Unified algorithms for distributed regularized linear regression model

In recent years, distributed statistical models have received increasing attention for large-scale data analysis. On the one hand, data sets come from multiple data sources, and are stored in different locations due to limited bandwidth and storage, or privacy protocols, directly centralizing all data together is impossible. On the other hand, the size of data is so large that it is difficult or inefficient to analyze data together. There are two main research aspects to using distributed statistical models to analyze large-scale data. The first one is to study the statistical convergence rate under some mild assumptions. The second one is to establish fast and efficient optimization algorithms considering the property of the loss function.

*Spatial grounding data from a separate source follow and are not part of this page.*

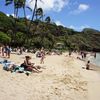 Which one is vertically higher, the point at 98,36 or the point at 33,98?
the point at 98,36

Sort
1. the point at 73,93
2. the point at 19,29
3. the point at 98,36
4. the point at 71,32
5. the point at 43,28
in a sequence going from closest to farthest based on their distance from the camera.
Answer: the point at 73,93, the point at 19,29, the point at 43,28, the point at 71,32, the point at 98,36

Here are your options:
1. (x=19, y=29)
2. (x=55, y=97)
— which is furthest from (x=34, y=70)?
(x=19, y=29)

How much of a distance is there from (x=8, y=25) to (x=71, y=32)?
9083 cm

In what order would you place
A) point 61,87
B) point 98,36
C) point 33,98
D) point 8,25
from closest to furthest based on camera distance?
1. point 33,98
2. point 61,87
3. point 8,25
4. point 98,36

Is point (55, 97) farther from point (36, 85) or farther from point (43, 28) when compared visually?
point (43, 28)

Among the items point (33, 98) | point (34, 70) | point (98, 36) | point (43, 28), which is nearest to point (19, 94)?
point (33, 98)

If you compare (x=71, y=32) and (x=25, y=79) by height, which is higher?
(x=71, y=32)

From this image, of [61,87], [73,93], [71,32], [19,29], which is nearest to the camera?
[73,93]

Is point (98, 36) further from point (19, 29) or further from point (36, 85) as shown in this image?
point (36, 85)

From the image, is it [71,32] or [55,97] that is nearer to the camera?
[55,97]

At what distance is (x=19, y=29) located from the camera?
8088 centimetres

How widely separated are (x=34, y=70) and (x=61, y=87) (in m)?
3.93

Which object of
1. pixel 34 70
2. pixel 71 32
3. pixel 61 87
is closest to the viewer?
pixel 61 87

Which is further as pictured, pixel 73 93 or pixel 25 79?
pixel 25 79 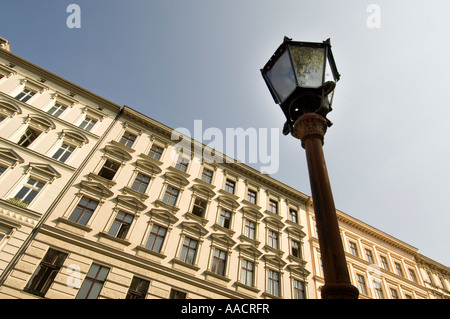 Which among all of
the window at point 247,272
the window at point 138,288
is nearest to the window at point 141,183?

There is a lot of research on the first aspect, but relatively little research on the second one. Motivated by this, we consider the construction of unified algorithms for distributed linear regression with different losses and regularizers. As a result, we designed two type methods, proximal alternating direction method of multipliers (pADMM) and distributed accelerated proximal gradient method with line-search (DAPGL). In order to demonstrate the efficiency of the proposed algorithms, we perform numerical experiments on the distributed Huber-Lasso model and Huber-Group-Lasso model. In view of the numerical results, we can observe that these two algorithms are more competitive than some of state-of-art algorithms. In particular, DAPGL algorithm performs better than pADMM in most cases.